True, but as of fairly recently, many states are implementing mandatory minimum sick leave requirements…

Private employers in more than a dozen states, plus two dozen municipalities across the U.S., are required to provide some form of paid sick leave to an eligible employee.

No kidding. Quote from the article:

In January, Musk warned Tesla workers to prepare for a ramped-up workload as he previewed plans for a mass-market EV.

“We really need the engineers to be living on the line,” the billionaire told investors on an earnings call. “We’ll be sleeping on the line, practically. Not practically, we will be.”

A former worker at Tesla’s factory in Fremont, California, told The Verge that employees would sleep on the floor after 12-hour shifts.]

Thanks for that link to Xitter’s boss’s xit. I just posted (xhat?) this in response:

Is your mind permanently in Opposite Day? Trump tried to overthrow our legislature because he lost the 2020 election AND he has promised to be a dictator.

When apartheid comes to America, it will be wearing a girdle, lifts and hair plugs.

The law in Germany is in fact much different from the situation in Luxembourg as per Cervaise’s post:

  1. For the first six weeks (per year and diagnosis) a German employer pays the regular wage. The employee must furnish a doctor’s certificate (Arbeitsunfähigkeitsbescheinigung). It is colloquially still called ‘the yellow note’ but in fact for people in statutory insurance it is transmitted electronically from doctor to insurance to employer. The dataset for the insurance has the diagnosis (as ICD code) but the employer only gets beginning and end date of the employee being unable to work. It is also considered very much not the done thing for the employer to ask about the nature of the illness (I do not know about the legal situation wrt this).

  2. Employers can choose to forego the requirement for a doctor’s certificate for short illnesses, and many do so for absences for one or two days.

  3. Small employers of up to 30 employees are enrolled in a statutory insurance scheme (U1-Umlage) which reimburses them most of the wages. For larger employers Entgeltfortzahlung is a direct expense.
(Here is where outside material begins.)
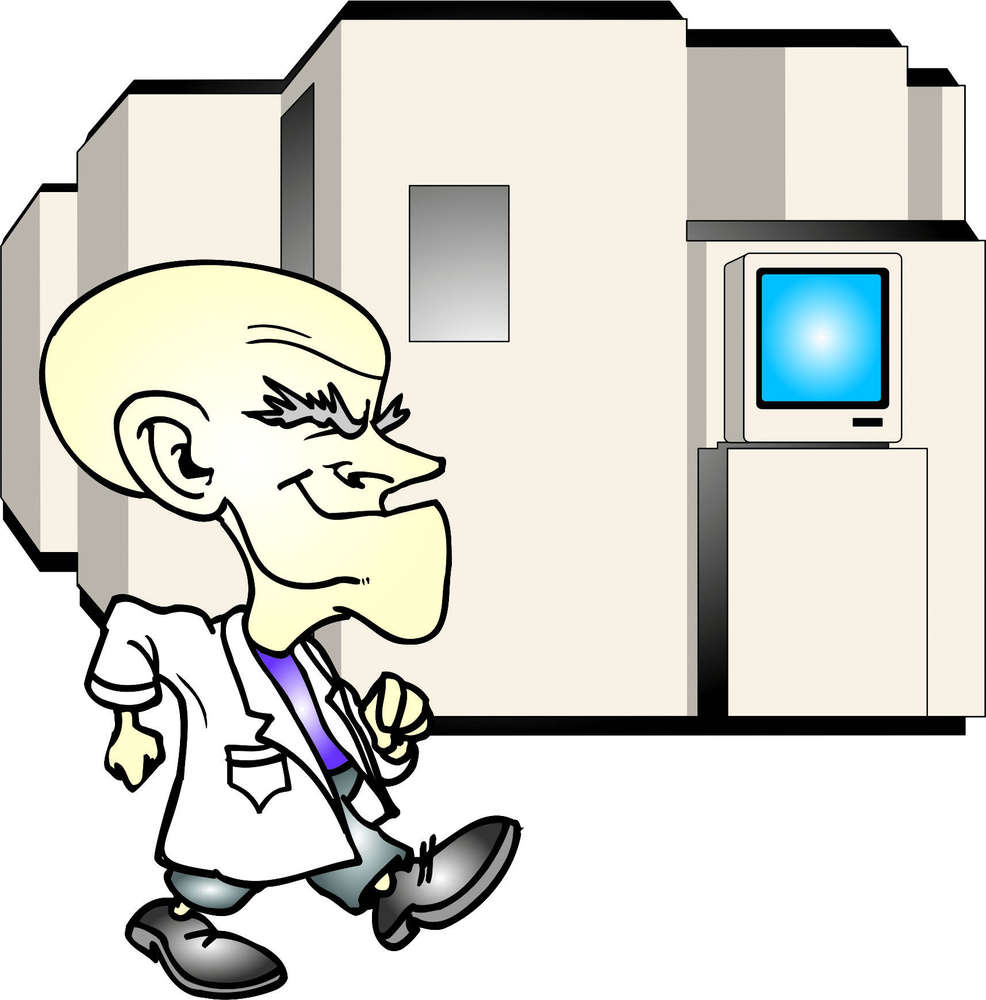 Agata 9 und das beste Kinderbuch aller Zeiten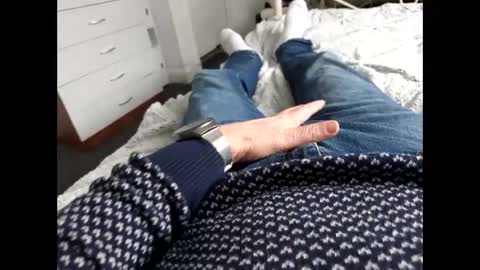 Snapshot of thicksingarters chatting on December 25, 2024, 12:15 pm thicksingarters online show from December 25, 2024, 12:15 pm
In 2021 the cost for all German employers was about € 78 billion.

  4. For illnesses of more than six weeks (per year, for one diagnosis) the employer stops pay after the six weeks are elapsed, and a lower benefit (Krankengeld) paid by health insurance kicks in.

  5. For days where the employee is healthy but must care for a sick child the provisions are similar (doctor’s certificate) but the child sick days are capped to 15 days per parent per child (30 days for single parents)

  6. There is certainly a potential for malingering, and many larger companies have provisions for a formal interview between supervisor + HR and employee after returning from a long illness. That interview ostensively covers the question “What can we do for your work environment so it is better for your health?”, but of course it is also exerting some informal pressure. The company’s procedure for such a Krankenrückkehrergespräch is mitbestimmungspflichtig, i.e. it must be cleared with the elected works council if one exists - which by statute is mandatory for large employers.

Thanks for the clarification. Indeed quite different from Lux.

Musk is still doing it wrong, of course.